- _Task brief_
Make a verbatim transcription of the records, without the pictures.

Recorded data:
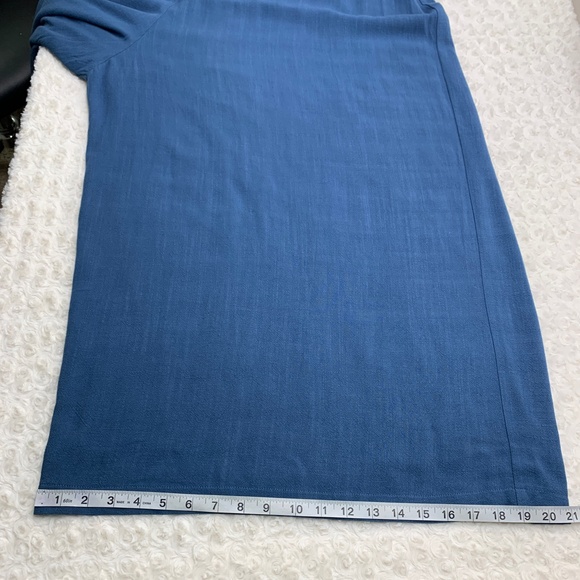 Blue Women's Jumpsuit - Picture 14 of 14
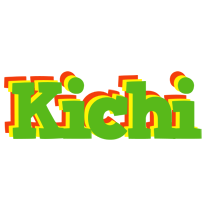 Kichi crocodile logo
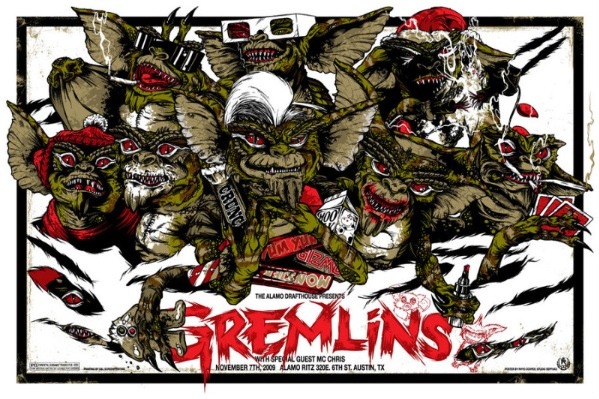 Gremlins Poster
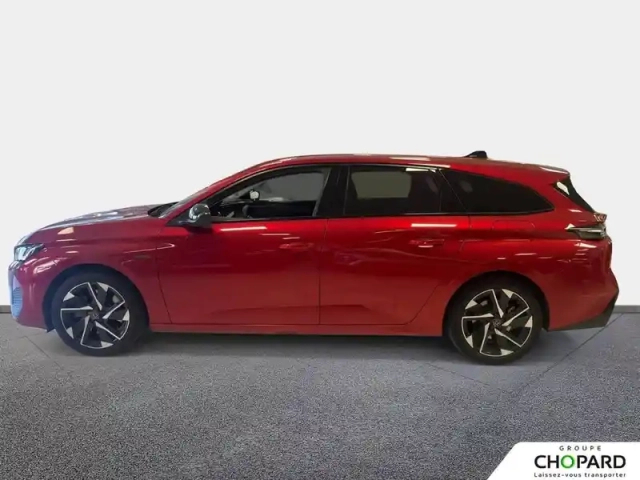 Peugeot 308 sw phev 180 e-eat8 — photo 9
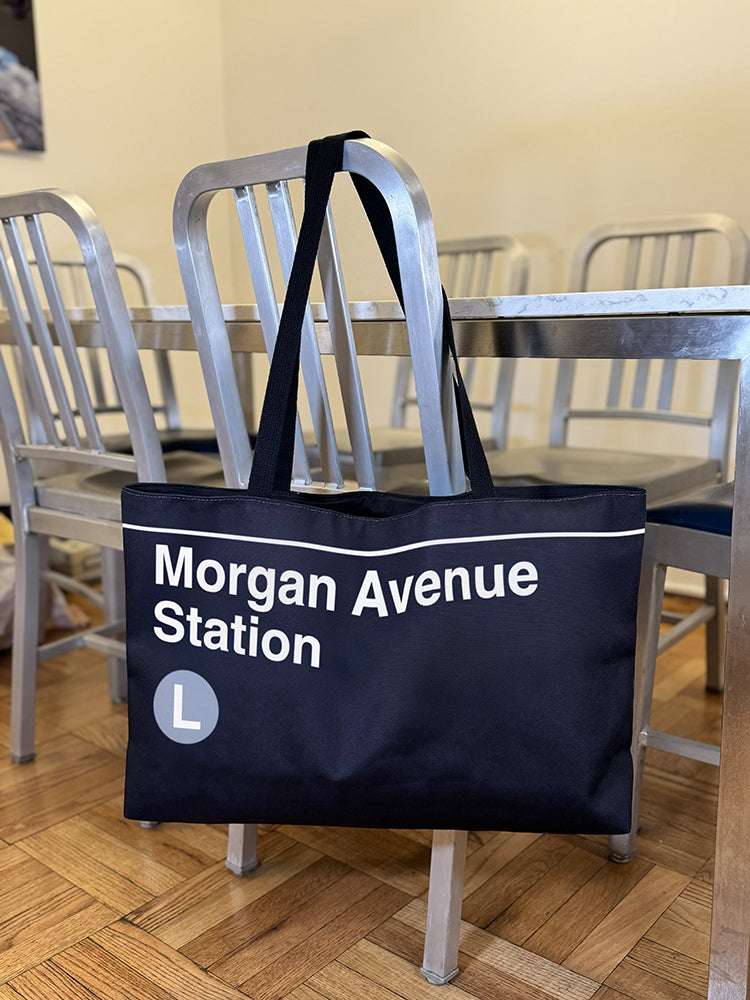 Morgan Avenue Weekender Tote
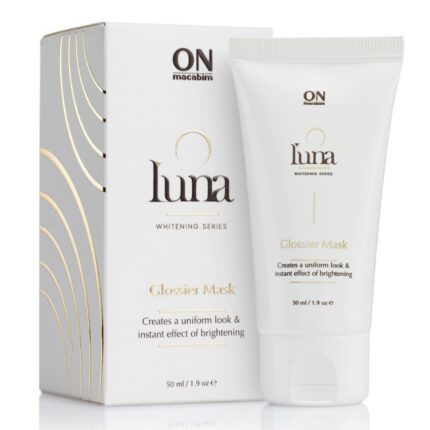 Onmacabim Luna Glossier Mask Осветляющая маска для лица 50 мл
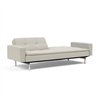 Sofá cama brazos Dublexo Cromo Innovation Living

- _Response for this exercise_
 Blue Women's Jumpsuit - Picture 14 of 14
 Kichi crocodile logo
 Gremlins Poster
 Peugeot 308 sw phev 180 e-eat8 — photo 9
 Morgan Avenue Weekender Tote
 Onmacabim Luna Glossier Mask Осветляющая маска для лица 50 мл
 Sofá cama brazos Dublexo Cromo Innovation Living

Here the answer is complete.